Brian Hughes: Marty and I have always been big NBA fans and rabid Knicks’ fans. …We’d seen the draft on TV and watched it every year and we knew it was at the MSG Theater, and we didn’t really have an understanding until watching the broadcast one year. It became obvious that there just wasn’t that many people there. Draft picks would walk through the crowd, and guys would, you know, go off the stage, shake David Stern’s hand. They walked past average, everyday people. I think one of us got the idea, probably Marty, we should go.

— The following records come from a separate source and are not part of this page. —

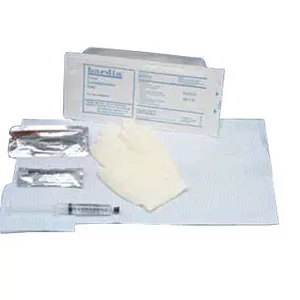 Bard 802130 - BARDIA Foley Insertion Tray with 30 cc Syringe and BZK Swabs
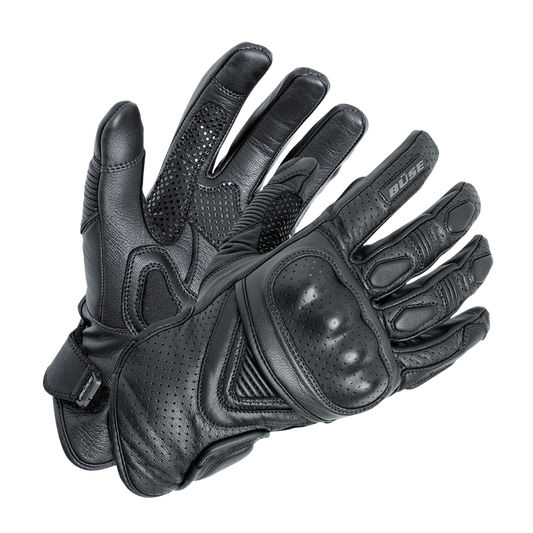Manusi touring BUSE Cafe Racer negru - MotoRR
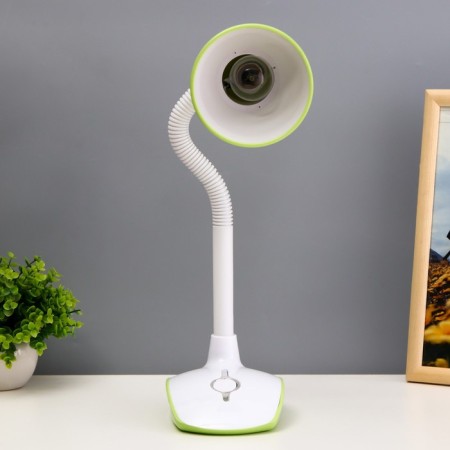 Landry table lamp E27 40W white-green 17x12x44 cm Risalux-3
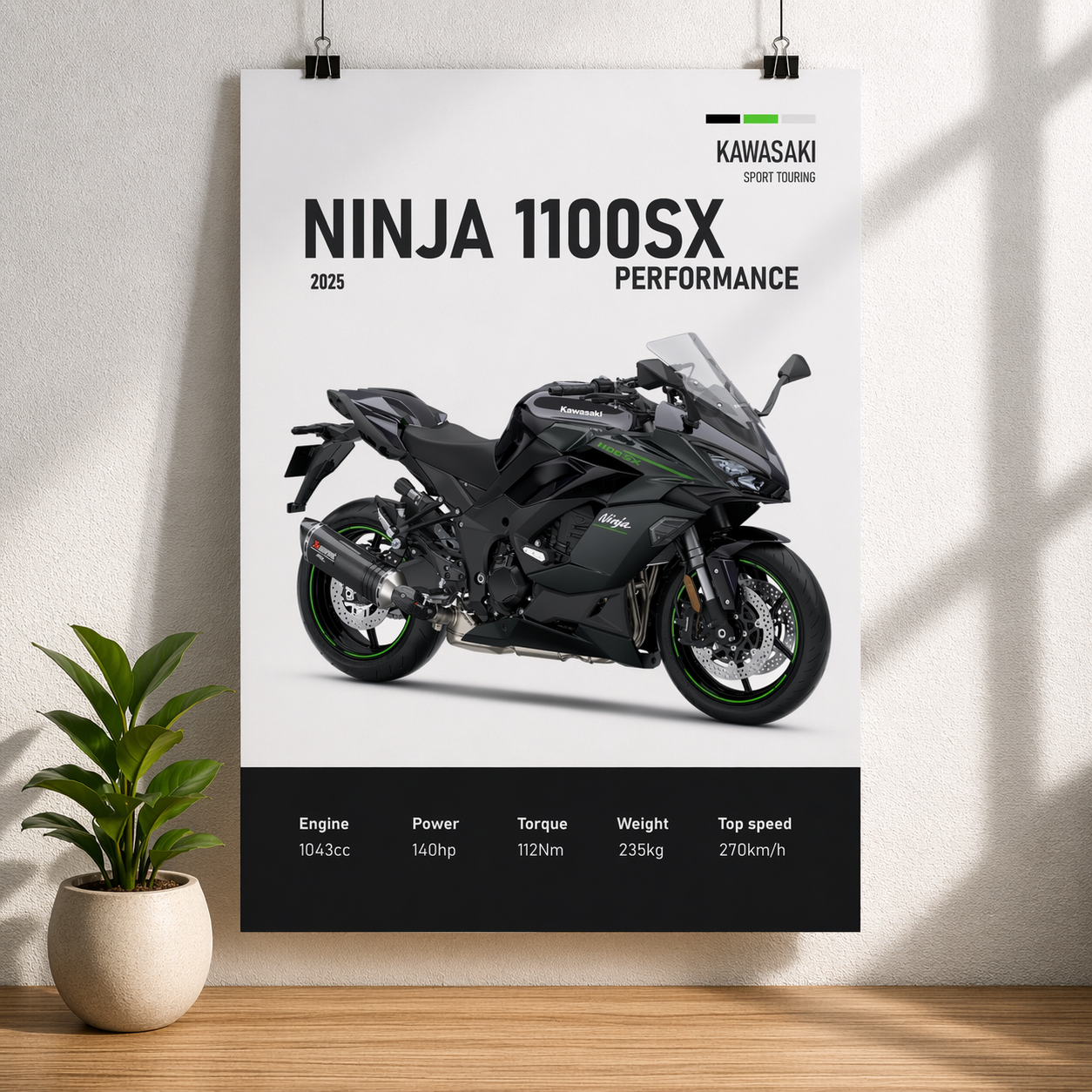 Ninja Blueprint 1100SX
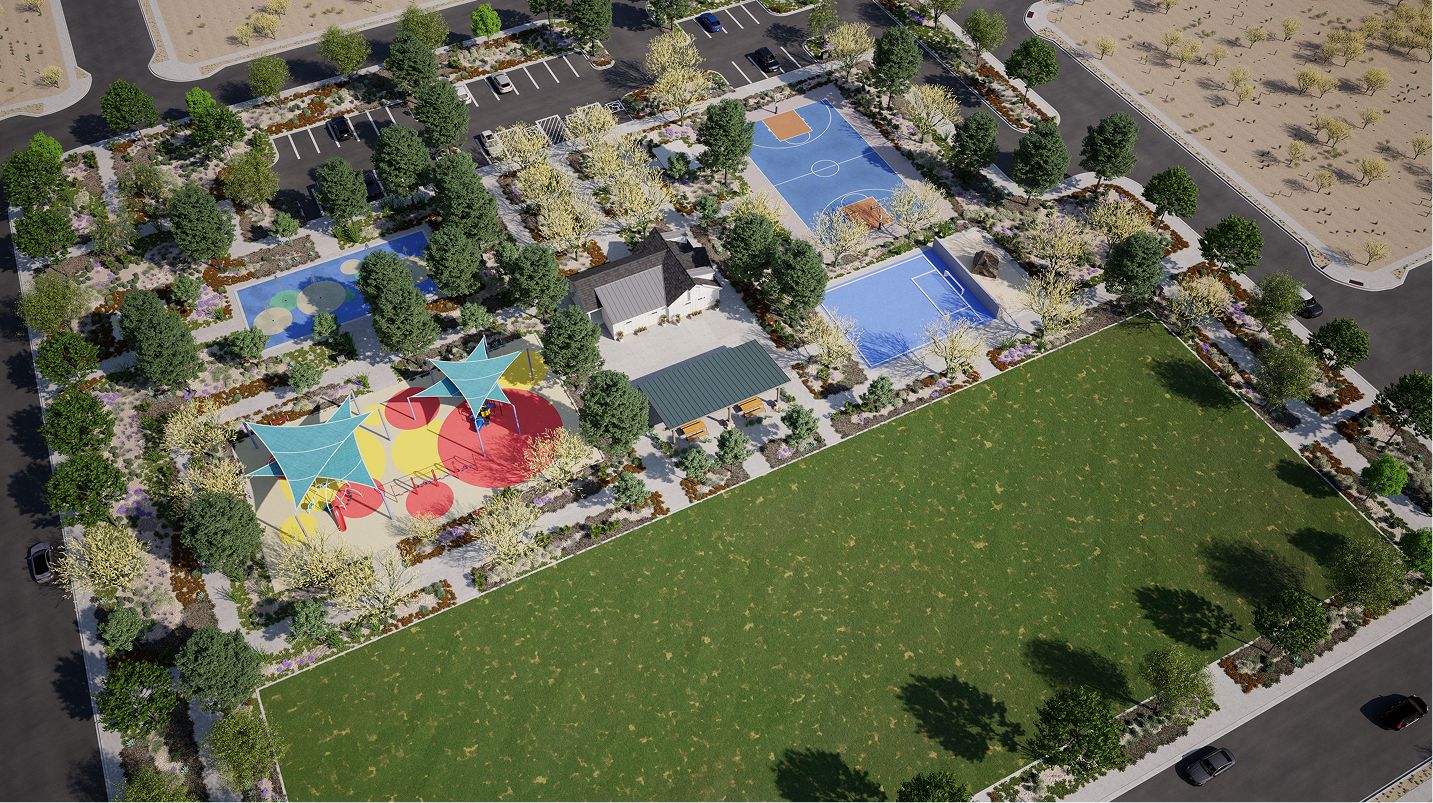Preston Cadence Amenity Park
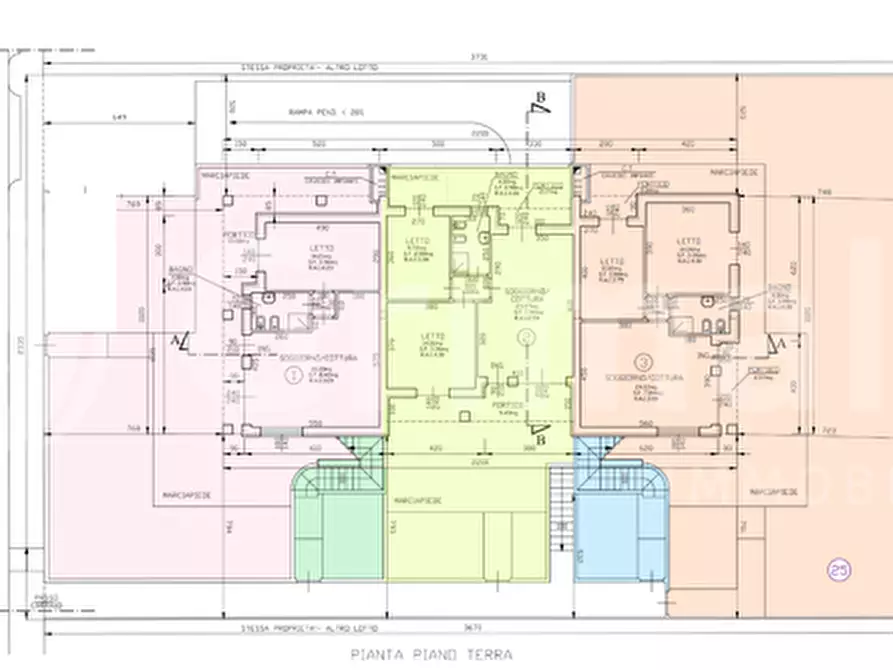Immagine 19 di Appartamento in vendita  in Via Pinarella, 4 a Cervia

Martin Bell: Most of the tickets would go out to the special interests. Folks affiliated with the league, folks affiliated with the network, folks affiliated with the draftees. And it was within the theater of MSG, which isn’t that big. I think the theater seats somewhere between three and four thousand people. But they would make a certain amount of tickets available for day-of pickup only. So you would have a crowd line up out in front of the Garden and it would basically be first-come, first-served until they ran out of tickets.  So we started to get in on that line. It was easy that first year (2002) because my friends and I were all back in NY and we all just graduated from school and had nothing to do.

QUOTE_03

Brian Hughes: I think at that point tickets were either free or like 20 bucks. We started going. It was an awesome time. I want to say we were probably in our very early 20s then. So it was also like “Hey, here’s an excuse to consume alcohol in the city as well.” It was a good combo. We loved it the first time we went. …I probably imbibed like a tad too much and we got a little heckley with some of the [broadcast] personnel.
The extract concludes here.